**What to produce**
Here the job is to retype the data word for word while leaving the pictures aside.

**Data section**

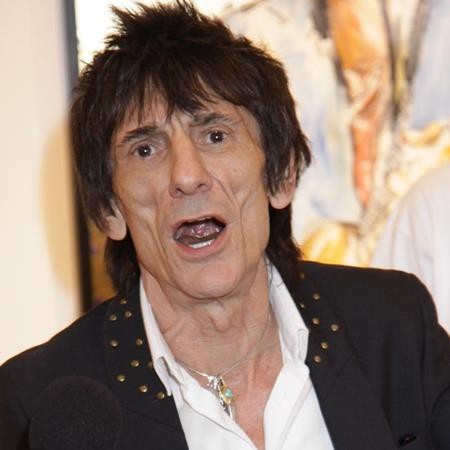 Bất ngờ với loạt sao từng là những người lái đò thầm lặng - 12 Thành viên ban nhạc “The Rolling Stones” đình đám, Ronnie Wood cũng đã có nhiều năm làm giáo viên
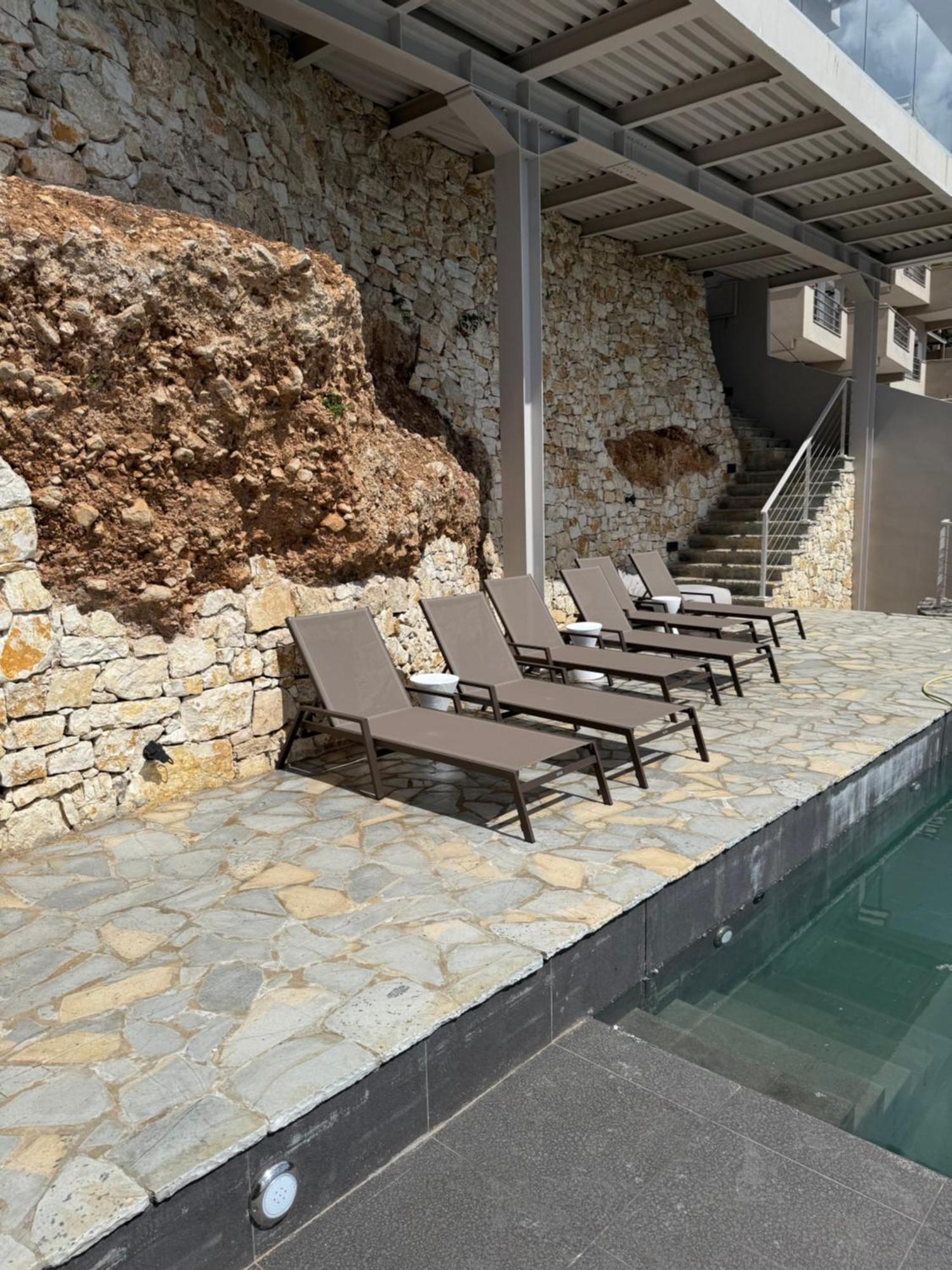 Villa Ellysian Shores Beachfront Glyfa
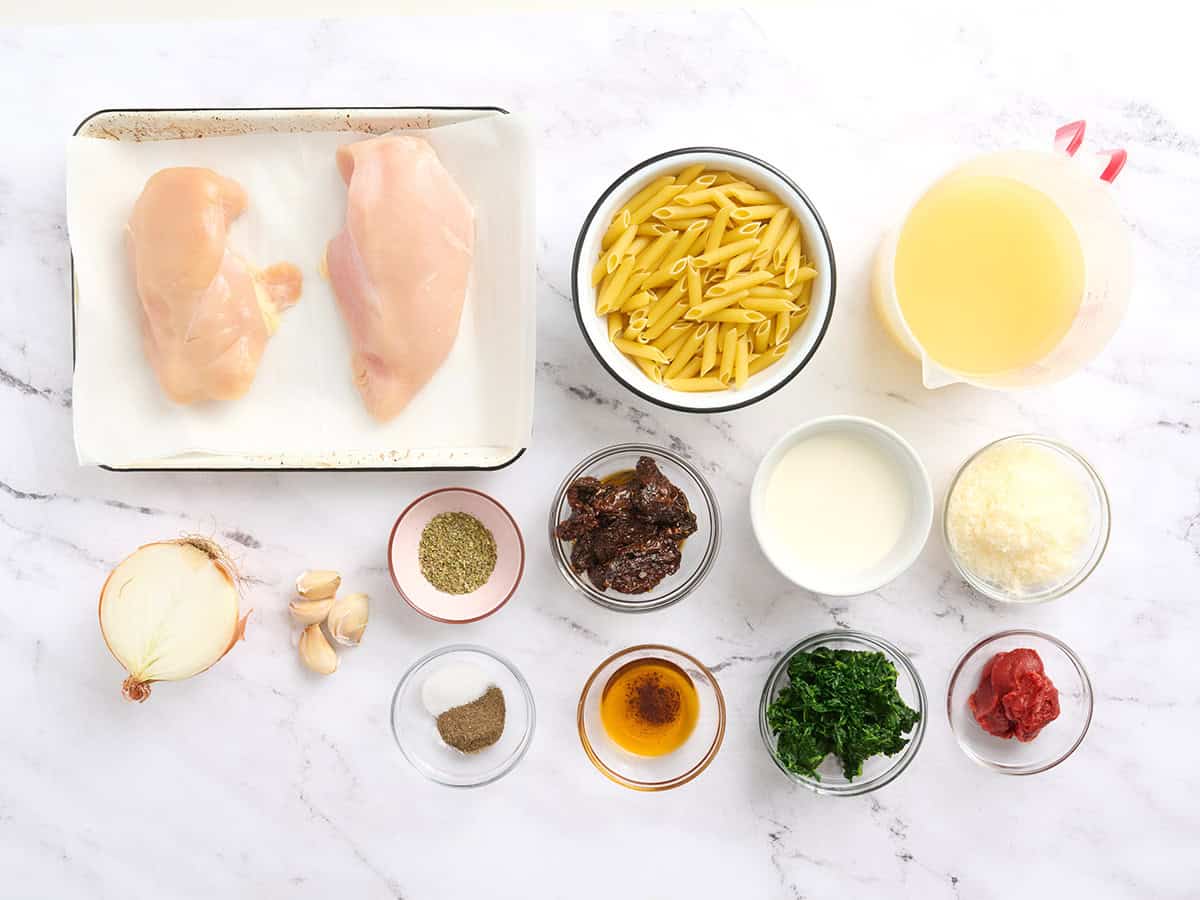 El ingrediente para hacer cásate conmigo pasta de pollo.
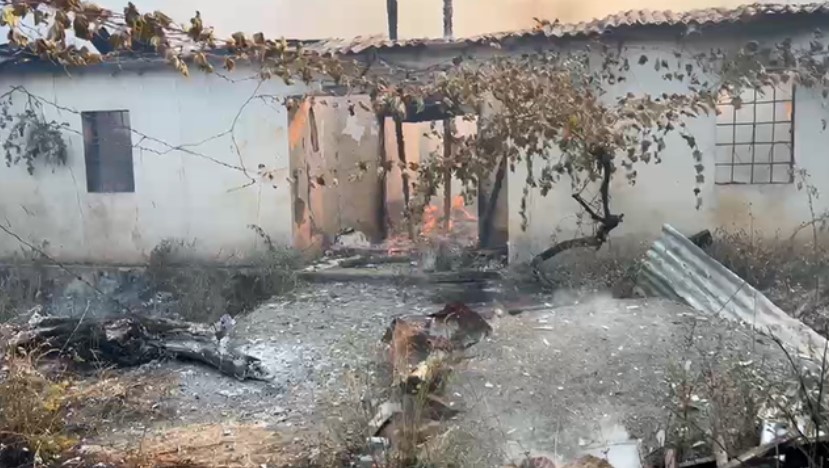 VIDEO dhe FOTO  Gjithçka në shkrumb dhe hi  pamjet tronditëse nga shtëpitë e djegura në Gojan të Pukës  Banorët vrapojnë të shpëtojnë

**Answer area**
 Bất ngờ với loạt sao từng là những người lái đò thầm lặng - 12 Thành viên ban nhạc “The Rolling Stones” đình đám, Ronnie Wood cũng đã có nhiều năm làm giáo viên
 Villa Ellysian Shores Beachfront Glyfa
 El ingrediente para hacer cásate conmigo pasta de pollo.
 VIDEO dhe FOTO  Gjithçka në shkrumb dhe hi  pamjet tronditëse nga shtëpitë e djegura në Gojan të Pukës  Banorët vrapojnë të shpëtojnë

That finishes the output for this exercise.